Question

o is the center of the regular pentagon below. find its area. round to the nearest tenth if necessary.

Explanation:

Step1: Divide the pentagon into 5 triangles

A regular pentagon can be divided into 5 congruent isosceles triangles, each with a vertex angle at the center \( O \). The central angle for each triangle is \( \frac{360^\circ}{5} = 72^\circ \), and the two equal sides (radii) are 8 units.

Step2: Find the area of one triangle

The area of a triangle with two sides \( a, b \) and included angle \( \theta \) is given by \( \frac{1}{2}ab\sin\theta \). Here, \( a = b = 8 \) and \( \theta = 72^\circ \).
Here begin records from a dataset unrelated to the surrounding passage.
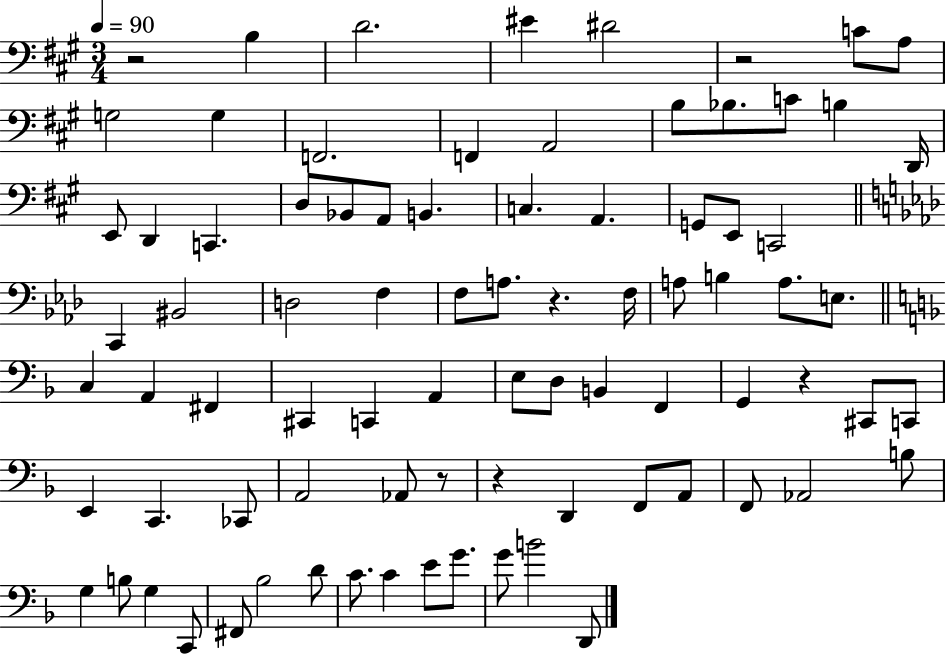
X:1
T:Untitled
M:3/4
L:1/4
K:A
z2 B, D2 ^E ^D2 z2 C/2 A,/2 G,2 G, F,,2 F,, A,,2 B,/2 _B,/2 C/2 B, D,,/4 E,,/2 D,, C,, D,/2 _B,,/2 A,,/2 B,, C, A,, G,,/2 E,,/2 C,,2 C,, ^B,,2 D,2 F, F,/2 A,/2 z F,/4 A,/2 B, A,/2 E,/2 C, A,, ^F,, ^C,, C,, A,, E,/2 D,/2 B,, F,, G,, z ^C,,/2 C,,/2 E,, C,, _C,,/2 A,,2 _A,,/2 z/2 z D,, F,,/2 A,,/2 F,,/2 _A,,2 B,/2 G, B,/2 G, C,,/2 ^F,,/2 _B,2 D/2 C/2 C E/2 G/2 G/2 B2 D,,/2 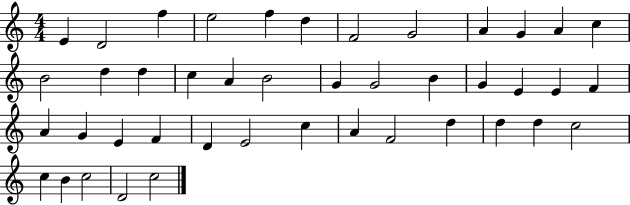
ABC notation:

X:1
T:Untitled
M:4/4
L:1/4
K:C
E D2 f e2 f d F2 G2 A G A c B2 d d c A B2 G G2 B G E E F A G E F D E2 c A F2 d d d c2 c B c2 D2 c2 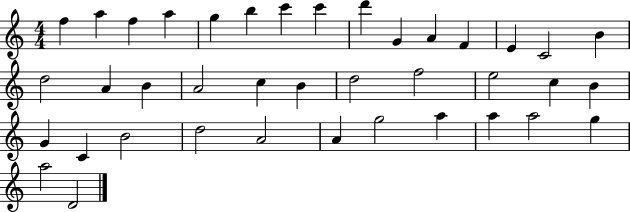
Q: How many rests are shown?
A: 0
So the area of one triangle is \( \frac{1}{2} \times 8 \times 8 \times \sin(72^\circ) \).

Calculating \( \sin(72^\circ) \approx 0.9511 \), we get:
\( \frac{1}{2} \times 8 \times 8 \times 0.9511 = 4 \times 8 \times 0.9511 = 32 \times 0.9511 \approx 30.4352 \)
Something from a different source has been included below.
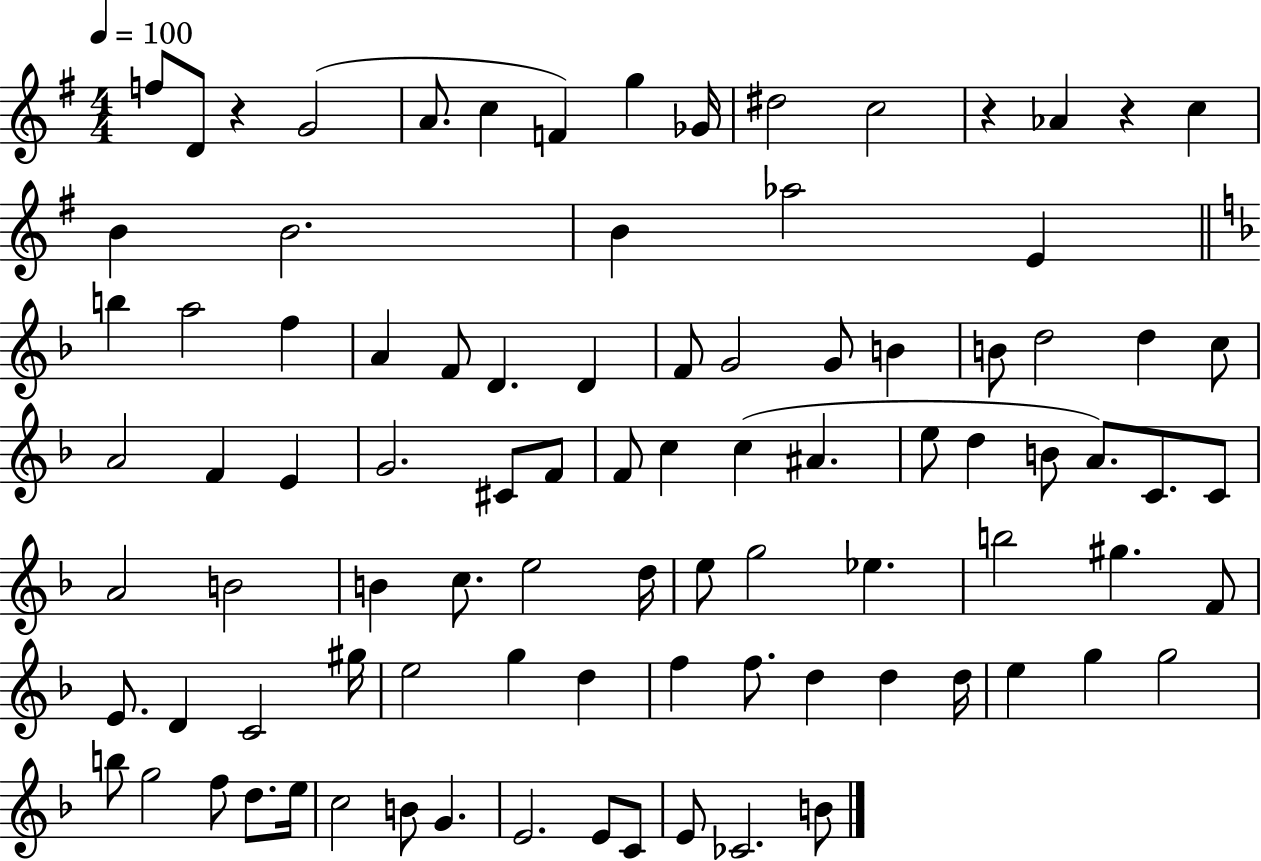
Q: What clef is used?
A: treble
Step3: Find the area of the pentagon

Since there are 5 such triangles, the area of the pentagon is \( 5 \times \) area of one triangle.
\( 5 \times 30.4352 \approx 152.176 \)

Rounding to the nearest tenth, we get approximately 152.2.

Answer:

The area of the regular pentagon is approximately \(\boxed{152.2}\) (square units).